Compact lines with pivoted insulated cross-arms. General stability design criteria

Abstract

Line compaction is a subject of increasing interest due to the difficulties of obtaining new Rights-of-Way (ROW) and therefore the need of reducing ROW widths and increasing the power transmitted within a certain ROW. Among all the line compaction options, the highest degree of compaction can be obtained through the use of insulated cross-arms. For certain voltage levels and, to reduce loading in case of longitudinal events, is it very common the use of pivoted insulated cross-arms (horizontal vees). The pivoted configuration prevents breaking failure of the cross-arms by means of cross-arm pivoting when sustained to longitudinal events.
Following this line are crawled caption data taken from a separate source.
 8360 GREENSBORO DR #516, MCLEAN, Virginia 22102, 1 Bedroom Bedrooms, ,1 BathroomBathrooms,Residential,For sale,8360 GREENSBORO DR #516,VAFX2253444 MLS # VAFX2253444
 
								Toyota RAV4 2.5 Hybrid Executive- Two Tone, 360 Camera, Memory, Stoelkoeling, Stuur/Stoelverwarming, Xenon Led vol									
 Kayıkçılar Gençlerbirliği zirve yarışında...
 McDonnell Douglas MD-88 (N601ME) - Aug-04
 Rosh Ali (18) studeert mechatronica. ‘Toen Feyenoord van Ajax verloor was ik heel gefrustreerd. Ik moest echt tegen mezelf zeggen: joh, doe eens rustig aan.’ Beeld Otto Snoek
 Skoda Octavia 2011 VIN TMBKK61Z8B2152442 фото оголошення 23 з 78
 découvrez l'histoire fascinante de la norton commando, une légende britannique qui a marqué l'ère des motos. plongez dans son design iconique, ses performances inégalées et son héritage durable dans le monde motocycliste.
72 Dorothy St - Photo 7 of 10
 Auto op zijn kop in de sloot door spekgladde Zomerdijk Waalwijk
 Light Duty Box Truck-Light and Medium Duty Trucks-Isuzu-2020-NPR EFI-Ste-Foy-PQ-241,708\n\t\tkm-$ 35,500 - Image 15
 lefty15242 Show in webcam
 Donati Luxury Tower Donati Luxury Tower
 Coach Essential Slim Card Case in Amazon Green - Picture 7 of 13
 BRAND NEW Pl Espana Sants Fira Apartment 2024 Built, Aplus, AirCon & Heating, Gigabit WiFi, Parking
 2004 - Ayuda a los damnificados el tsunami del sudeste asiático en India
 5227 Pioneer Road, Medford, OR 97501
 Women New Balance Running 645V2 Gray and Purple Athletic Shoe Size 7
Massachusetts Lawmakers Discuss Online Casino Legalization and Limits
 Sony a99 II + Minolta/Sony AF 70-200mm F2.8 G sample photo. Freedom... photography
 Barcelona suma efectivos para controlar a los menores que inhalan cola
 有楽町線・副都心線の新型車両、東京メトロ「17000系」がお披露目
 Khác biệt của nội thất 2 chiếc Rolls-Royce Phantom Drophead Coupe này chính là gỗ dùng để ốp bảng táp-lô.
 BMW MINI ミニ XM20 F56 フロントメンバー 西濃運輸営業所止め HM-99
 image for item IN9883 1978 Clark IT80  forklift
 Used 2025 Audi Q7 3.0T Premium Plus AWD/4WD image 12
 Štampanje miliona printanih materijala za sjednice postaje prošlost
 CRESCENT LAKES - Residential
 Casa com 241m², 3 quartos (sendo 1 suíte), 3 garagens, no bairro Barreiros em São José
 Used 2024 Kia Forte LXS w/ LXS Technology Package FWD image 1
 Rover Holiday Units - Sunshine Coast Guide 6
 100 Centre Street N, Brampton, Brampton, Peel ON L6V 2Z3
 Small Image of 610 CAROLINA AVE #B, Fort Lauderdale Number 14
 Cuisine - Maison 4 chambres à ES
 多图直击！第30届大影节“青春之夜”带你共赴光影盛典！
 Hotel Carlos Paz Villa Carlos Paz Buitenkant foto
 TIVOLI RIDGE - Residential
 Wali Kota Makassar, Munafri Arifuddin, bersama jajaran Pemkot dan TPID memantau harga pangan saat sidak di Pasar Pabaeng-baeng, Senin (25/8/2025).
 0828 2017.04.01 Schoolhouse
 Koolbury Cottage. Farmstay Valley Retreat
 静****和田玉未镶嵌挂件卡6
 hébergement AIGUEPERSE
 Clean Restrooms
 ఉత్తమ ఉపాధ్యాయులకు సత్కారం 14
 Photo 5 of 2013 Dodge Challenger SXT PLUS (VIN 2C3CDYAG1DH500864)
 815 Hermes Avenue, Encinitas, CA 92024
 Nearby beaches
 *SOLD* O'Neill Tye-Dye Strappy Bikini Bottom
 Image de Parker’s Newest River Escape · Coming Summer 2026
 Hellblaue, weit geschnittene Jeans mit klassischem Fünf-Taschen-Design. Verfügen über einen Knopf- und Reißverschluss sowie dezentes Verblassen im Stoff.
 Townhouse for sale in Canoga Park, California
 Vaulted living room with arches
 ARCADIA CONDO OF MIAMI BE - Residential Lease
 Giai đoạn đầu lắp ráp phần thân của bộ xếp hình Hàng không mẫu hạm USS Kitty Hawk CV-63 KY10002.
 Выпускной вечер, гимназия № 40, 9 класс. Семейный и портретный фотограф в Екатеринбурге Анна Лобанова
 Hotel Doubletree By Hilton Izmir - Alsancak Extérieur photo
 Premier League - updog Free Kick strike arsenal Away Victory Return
Under certain winds speeds and directions, a complete overhead line section can become unstable thus producing a power failure. The stability condition not only will depend on wind speed and direction but also on section and span lengths, the presence of inclined spans, the cross-arm geometry and the conductor used. To study general stability and, to provide general design criteria guidelines, a 3-D corotational finite element model has been developed. The behavior of the line under wind load could be highly non-linear, especially for winds over 50 kmh. In order to avoid convergence problems a robust formulation of the element is required. The formulation developed includes the drift and drag effects of the wind load and the contribution to the stiffness matrix of the element to the wind load in a co-rotational framework. In this first approach the load of the wind is considered as static load acting uniformly in the entire overhead line. This model has enabled several simulations that will lead to general design guidelines, study and understanding of the stability problem and the sensitivity analysis of stability versus all the variables mentioned above. The paper presents a preliminary results of the static and dynamic behavior of different overhead sections and compare the results between the configurations and the type of load (static or dynamic). Therefore, conclusions are obtained to manage the design process of this particular configuration of overhead compact lines that include mitigation methods or guidelines for the prevention of instability events.